On the Ice Lake platform, AVX2.0 ist slightly faster than AVX-512 or maybe equal to AVX-512, at least with our application, which makes huge use of IPP functions, many float, partially double floating point operations.

Hence, we have no advantage of using AVX-512, we stick to AVX2.0 and DFT. This works fastest for us and most important stable!

>>So please provide your sample replicator for us to investigate.
A simple test program I wrote, did not reproduce the mentioned issue so far, but it is by far super simple compared to our production code (which uses many many different IPP functions), which has the issue.

Hence, currently I don't have any code that I could send you to reproduce this issue.
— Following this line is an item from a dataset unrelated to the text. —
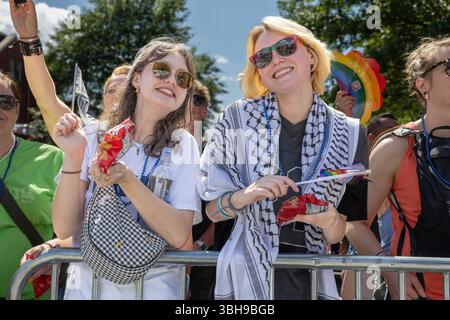 Washington Dc, Usa. Juni 2025. Eine Frau, die einen traditionellen palästinensischen Keffiyeh trägt, nimmt an der DC Pride Parade Teil und feiert am 7. Juni 2025 die LGBTQ-Rechte in Washington, DC. Die Teilnehmer marschieren an der WorldPride 2025 Parade, um die LGBTQ-Rechte zu unterstützen. Die farbenfrohe Feier bringt Tausende von Menschen auf die Straße. Es fördert Fairness, Akzeptanz und Sichtbarkeit für die LGBTQ-Community (Foto: Probal Rashid/NurPhoto).0 Credit: NurPhoto SRL/Alamy Live News Stockfoto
If this changes someday I could send you code in form of an Embarcadero C++ project (including corresponding C++ source files). Don't believe that you can directly use it in such a form, but we only use that IDE.
Our production code cannot be sent to you.

Thanks for your effort.

Regards

Ruqiu_C_Intel · ‎08-25-2022

Hello,

We can't reproduce your issue without simple reproducer. Hope you have already fixed the issue.

Please post a new question if you need any additional assistance from Intel as this thread will no longer be monitored.

Regards,

Ruqiu

Wobo · ‎08-25-2022

Hello,

I wrote a much more complex test program to check the situation about DFT in combination with AVX-512. This test program uses a similar amount of IPP functions (and has similar functionality) as the problematic program/code. However, my more complex test program does work absolute stable, even in combination of DFT usage with AVX-512. So I tend to see a problem somewhere in our/the problematic program/code (even if this works stable using DFT under AVX2) and not in any IPP function. Maybe we find some day the real reason/bug in our program...However, it is not very urgend now, because the program runs as expected/stable under AVX2.

Regards